--- Raw data ---
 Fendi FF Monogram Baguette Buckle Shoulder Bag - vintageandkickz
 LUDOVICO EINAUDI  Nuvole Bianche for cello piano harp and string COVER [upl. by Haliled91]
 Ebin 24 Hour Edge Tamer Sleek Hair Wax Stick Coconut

--

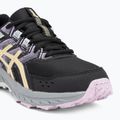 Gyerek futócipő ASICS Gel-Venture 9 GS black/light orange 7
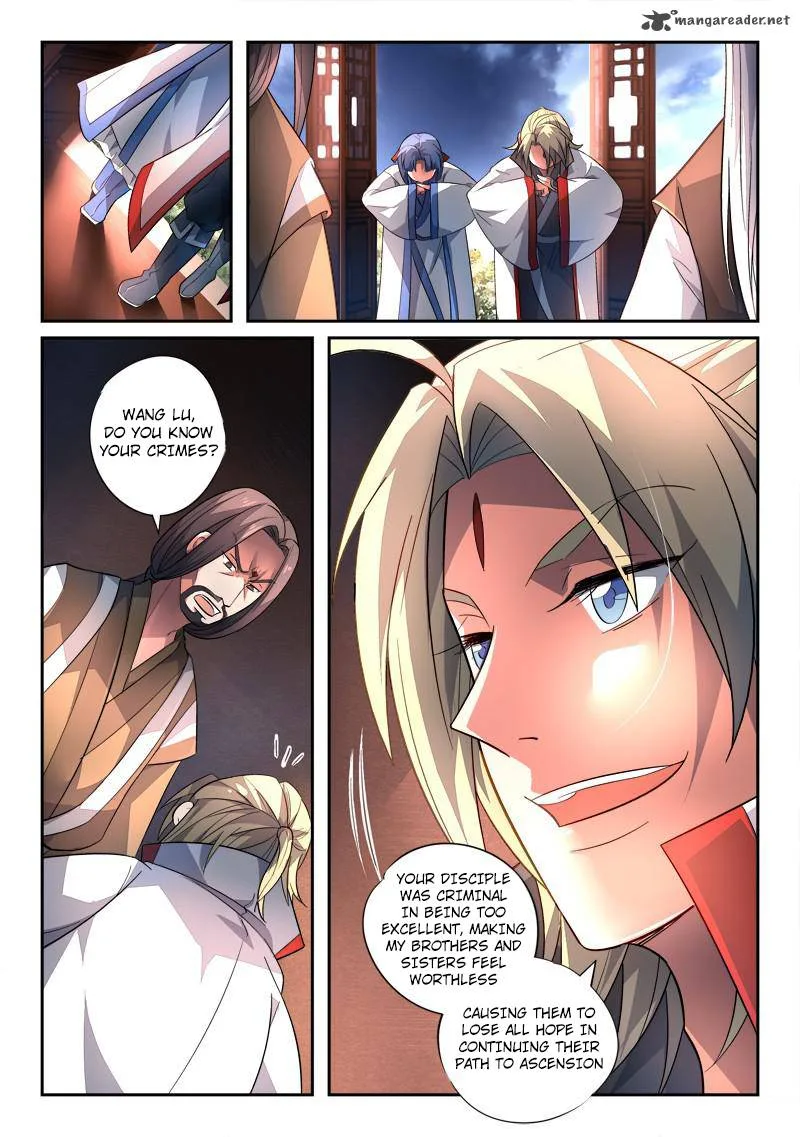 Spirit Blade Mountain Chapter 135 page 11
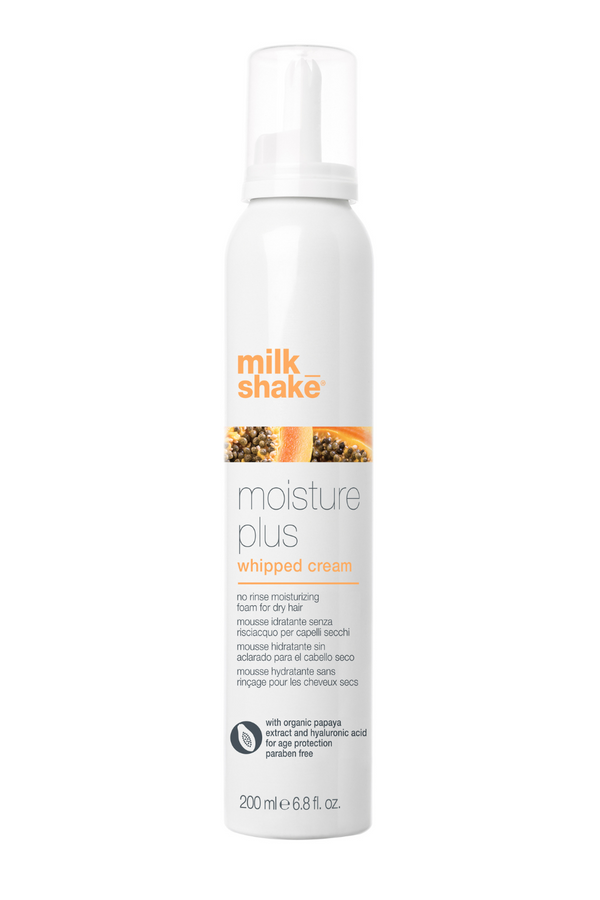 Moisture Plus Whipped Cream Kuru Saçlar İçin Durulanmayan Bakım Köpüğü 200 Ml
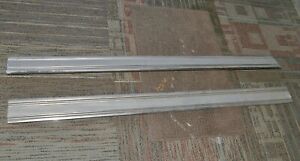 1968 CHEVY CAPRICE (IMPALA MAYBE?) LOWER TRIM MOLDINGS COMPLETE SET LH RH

--- Aim of the exercise ---
Copy the entries above exactly, but only from the line holding "Fendi FF Monogram" through the line holding "Ebin 24 Hour", both included.

--- Result of this task ---
 Fendi FF Monogram Baguette Buckle Shoulder Bag - vintageandkickz
 LUDOVICO EINAUDI  Nuvole Bianche for cello piano harp and string COVER [upl. by Haliled91]
 Ebin 24 Hour Edge Tamer Sleek Hair Wax Stick Coconut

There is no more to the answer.